Images taken by NASA's Cassini spacecraft revealed the presence of a 'bright, extended feature' located at the edge of Saturn's A ring. Dubbed 'Peggy,' this icy object could be the final moon of Saturn, say scientists.
"Peggy" could be the most recent addition to Saturn's family.
On April 15, 2013, images taken by NASA's Cassini spacecraft revealed disturbances at the outer edge of Saturn's A ring. One of these appeared as a "bright, extended feature" at the edge of the ring. It appears to be detached from the ring.
The discovery image, one of a pair of images taken 33 seconds apart, showed an arclike object about 20 percent brighter than its surrounding of immediately adjacent ring materials, 750 miles long and 6 miles wide.
"[T]he feature was apparent in both images thereby ruling out the possibility of it being a cosmic ray artifact," researchers noted in a paper titled "The discovery and dynamical evolution of an object at the outer edge of Saturn’s A ring" published online by the journal Icarus.
"We have not seen anything like this before," Carl Murray of Queen Mary University of London, the report's lead author said in a press release. "We may be looking at the act of birth, where this object is just leaving the rings and heading off to be a moon in its own right." It is also possible that the brightness of the object was due to dust particles left behind after collisions with other objects, he says.
Researchers speculate that Peggy could be the last moon of Saturn because it is likely that Saturn's rings are now all too depleted to give birth to new moons. "The theory holds that Saturn long ago had a much more massive ring system capable of giving birth to larger moons," Dr. Murray said.
Ice is a large component of such satellites. According to a theory about the origin of icy satellites, Saturn's moons begin forming inside the rings, later detaching from the ring system and moving away from the planet.
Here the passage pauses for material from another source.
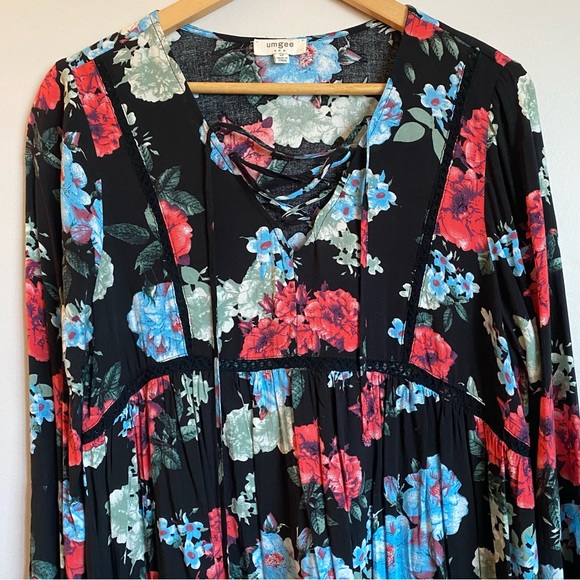 Umgee. Boho Floral Tunic. Medium. Bell-sleeve. Flowy fit. - Picture 5 of 5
The size of Saturn's regular moons, that is, satellites that could have originated from the planet's ring system, increases with their distance .
"As the moons formed near the edge, they depleted the rings and evolved, so the ones that formed earliest are the largest and the farthest out," Murray said.
But, in this case further images need to be examined to confirm if the object has actually left or is embedded within the ring system, Murray, who dubbed the discovery "Peggy" after his mother-in-law, told the Monitor.
"Witnessing the possible birth of a tiny moon is an exciting, unexpected event," said Cassini Project Scientist Linda Spilker, of NASA's Jet Propulsion Laboratory in Pasadena, Calif.
Later in 2016 a better view of the region can be obtained when Cassini's orbit moves closer to the outer edge of Saturn's A ring.